Por regra, de acordo com os modernos conceitos de civilidade democrática, Angola deveria ser constituída por uma sociedade civil que, na defesa dos interesses comum à esmagadora maioria do Povo, deveria ser autónoma e crítica dos poderes públicos, mesmo que democraticamente eleitos, bem como dos seus dirigentes políticos.
Dir-se-ia que a estabilidade e pujança de Angola, enquanto nação independente, deveria depender da vitalidade dessa sociedade civil. No entanto, se a pujança do país for proporcional a essa vitalidade, vamos mal. Todos falamos muito, quase se dizendo que falamos calados, todos junto, um de cada vez. Não existe consciência colectiva e o estímulo que o Poder dá à divisão da sociedade continua a ter mais relevância, nomeadamente financeira, do que a vontade do conjunto, do que a tarefa de dar voz a quem a não tem.
“A história mais recente da sociedade civil angolana traduz-se na história da reconstituição do espaço público angolano no período do partido único que o havia fechado ainda mais do que o espaço político colonial das duas últimas décadas do período colonial (1960-70)”, diz Nelson Pestana.
Assim, a sociedade civil teve de enfrentar duras batalhas, todas elas armadilhadas pelo regime, perdendo demasiado tempo a lutar contra obstáculos móveis, superiormente dirigidos – reconheça-se – por um partido único que, mesmo com o advento do pluripartidarismo, continua a achar que é o único partido, que é a única organização capaz de dirigir as massas, não olhando a meios para atingir os seus fins.
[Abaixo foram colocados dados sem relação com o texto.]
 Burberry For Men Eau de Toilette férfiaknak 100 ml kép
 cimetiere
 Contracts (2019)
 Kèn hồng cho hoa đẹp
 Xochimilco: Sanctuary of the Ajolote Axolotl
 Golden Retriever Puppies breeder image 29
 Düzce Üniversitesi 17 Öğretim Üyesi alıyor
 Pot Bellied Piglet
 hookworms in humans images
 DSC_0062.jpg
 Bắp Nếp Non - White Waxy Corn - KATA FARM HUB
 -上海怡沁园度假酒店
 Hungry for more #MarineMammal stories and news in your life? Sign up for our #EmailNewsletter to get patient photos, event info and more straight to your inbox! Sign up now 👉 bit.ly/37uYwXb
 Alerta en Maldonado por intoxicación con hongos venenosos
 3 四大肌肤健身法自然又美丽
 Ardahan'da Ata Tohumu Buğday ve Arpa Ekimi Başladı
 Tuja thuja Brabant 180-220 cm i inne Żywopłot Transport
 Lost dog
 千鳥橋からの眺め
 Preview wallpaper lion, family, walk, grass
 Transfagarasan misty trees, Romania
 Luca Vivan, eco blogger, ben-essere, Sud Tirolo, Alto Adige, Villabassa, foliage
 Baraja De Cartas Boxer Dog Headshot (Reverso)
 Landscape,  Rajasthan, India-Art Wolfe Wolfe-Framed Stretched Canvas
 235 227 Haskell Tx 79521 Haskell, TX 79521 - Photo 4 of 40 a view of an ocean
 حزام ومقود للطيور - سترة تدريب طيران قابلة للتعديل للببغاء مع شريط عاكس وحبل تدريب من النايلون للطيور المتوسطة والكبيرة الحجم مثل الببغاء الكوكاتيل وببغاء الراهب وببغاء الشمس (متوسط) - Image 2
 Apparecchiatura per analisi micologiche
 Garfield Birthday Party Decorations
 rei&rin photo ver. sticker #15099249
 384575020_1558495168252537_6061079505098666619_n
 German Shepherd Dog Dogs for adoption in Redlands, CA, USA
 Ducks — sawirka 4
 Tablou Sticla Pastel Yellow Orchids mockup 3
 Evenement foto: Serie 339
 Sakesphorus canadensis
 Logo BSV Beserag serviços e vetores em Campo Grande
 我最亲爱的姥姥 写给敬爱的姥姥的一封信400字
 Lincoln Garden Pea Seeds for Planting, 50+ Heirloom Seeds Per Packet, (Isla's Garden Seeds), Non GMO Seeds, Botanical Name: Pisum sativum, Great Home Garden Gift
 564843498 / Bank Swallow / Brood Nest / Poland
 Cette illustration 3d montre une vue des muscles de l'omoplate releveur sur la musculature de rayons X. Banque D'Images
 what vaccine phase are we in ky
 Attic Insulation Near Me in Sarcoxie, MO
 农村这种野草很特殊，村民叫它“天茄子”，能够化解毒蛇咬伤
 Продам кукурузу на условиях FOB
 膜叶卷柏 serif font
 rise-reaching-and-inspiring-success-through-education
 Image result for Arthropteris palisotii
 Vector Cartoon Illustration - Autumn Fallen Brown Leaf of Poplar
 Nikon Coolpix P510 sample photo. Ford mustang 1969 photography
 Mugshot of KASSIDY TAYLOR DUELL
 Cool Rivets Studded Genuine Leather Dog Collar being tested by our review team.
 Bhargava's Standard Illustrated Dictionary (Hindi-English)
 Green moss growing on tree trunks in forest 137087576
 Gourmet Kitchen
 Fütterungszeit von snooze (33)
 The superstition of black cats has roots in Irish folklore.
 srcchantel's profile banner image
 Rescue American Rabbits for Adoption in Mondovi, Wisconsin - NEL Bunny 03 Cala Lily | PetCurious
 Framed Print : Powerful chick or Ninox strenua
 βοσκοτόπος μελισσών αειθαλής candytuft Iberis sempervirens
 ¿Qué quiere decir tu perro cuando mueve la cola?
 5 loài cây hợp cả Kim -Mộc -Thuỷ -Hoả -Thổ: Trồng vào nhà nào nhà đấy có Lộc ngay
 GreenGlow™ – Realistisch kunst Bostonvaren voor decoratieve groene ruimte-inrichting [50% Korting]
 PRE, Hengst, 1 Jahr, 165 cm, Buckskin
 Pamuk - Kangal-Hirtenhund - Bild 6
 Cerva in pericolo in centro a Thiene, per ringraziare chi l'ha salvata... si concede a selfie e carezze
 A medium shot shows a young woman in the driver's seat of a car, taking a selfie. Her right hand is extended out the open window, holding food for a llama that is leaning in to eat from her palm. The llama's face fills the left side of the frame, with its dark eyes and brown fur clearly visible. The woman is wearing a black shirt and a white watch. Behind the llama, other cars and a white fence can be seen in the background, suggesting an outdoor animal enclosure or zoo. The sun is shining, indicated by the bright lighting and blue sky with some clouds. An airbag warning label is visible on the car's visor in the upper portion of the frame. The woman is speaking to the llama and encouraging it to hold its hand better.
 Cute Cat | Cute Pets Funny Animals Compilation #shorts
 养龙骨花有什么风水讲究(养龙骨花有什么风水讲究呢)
Tal como está no ADN do partido-Estado, qual guia supremo da humanidade, o MPLA foi permitindo que estrategicamente a sociedade civil registasse algumas vitórias que, catalogadas como estruturantes, não passaram de vitórias de Pirro. A corda que o poder foi fornecendo à sociedade não resultou de uma conquista e nem se destinava a segurar o capim das cubatas. O seu fim era, como foi, como continua a ser, enforcar os mais contestatários, os que embora podendo estar à venda, não têm preço.
Os intelectuais, no sentido mais lato, podem hoje criticar, embora dentro de alguns limites, o poder do Estado. Com o seu ego pleno de triunfalismos, contentam-se em ser convidados de luxo para as acções de marketing do regime, tal como acreditam que a carta a Garcia será entregue pelos homens do Presidente. Cegos pela ribalta, anafados pela lagosta, nem sequer reparam que os servos de quem manda deitaram a carta na primeira valeta que encontraram.
Será que a sociedade civil angolana existe por mérito próprio? Será que tem consciência que a sua existência está nas mãos dos homens do Presidente? Será que foi protagonista das conquistas ou, apenas, figurante real a quem no catálogo do espectáculo foi dado o epíteto de protagonista principal?
O comodismo, sobretudo quando bem comido e melhor bebido, é a esterilidade da criação, da evolução, do progresso. O poder sabe disso. E como os velhos revolucionários marxistas-leninistas, muito dos supostos líderes da sociedade civil continuam a advogar os ideais de Esquerda mas preferem viver no materialismo da Direita.
Atentos a tudo isso, os homens do Presidente não se cansam de fornecer a tal corda, nem esquecem que de quando em vez é salutar (para eles) pôr a sociedade civil em confronto entre si. Isso ao mesmo tempo que, por força das circunstâncias, vão comprando alguns dos que eram primeiro inimigos, depois adversários e agora são cúmplices.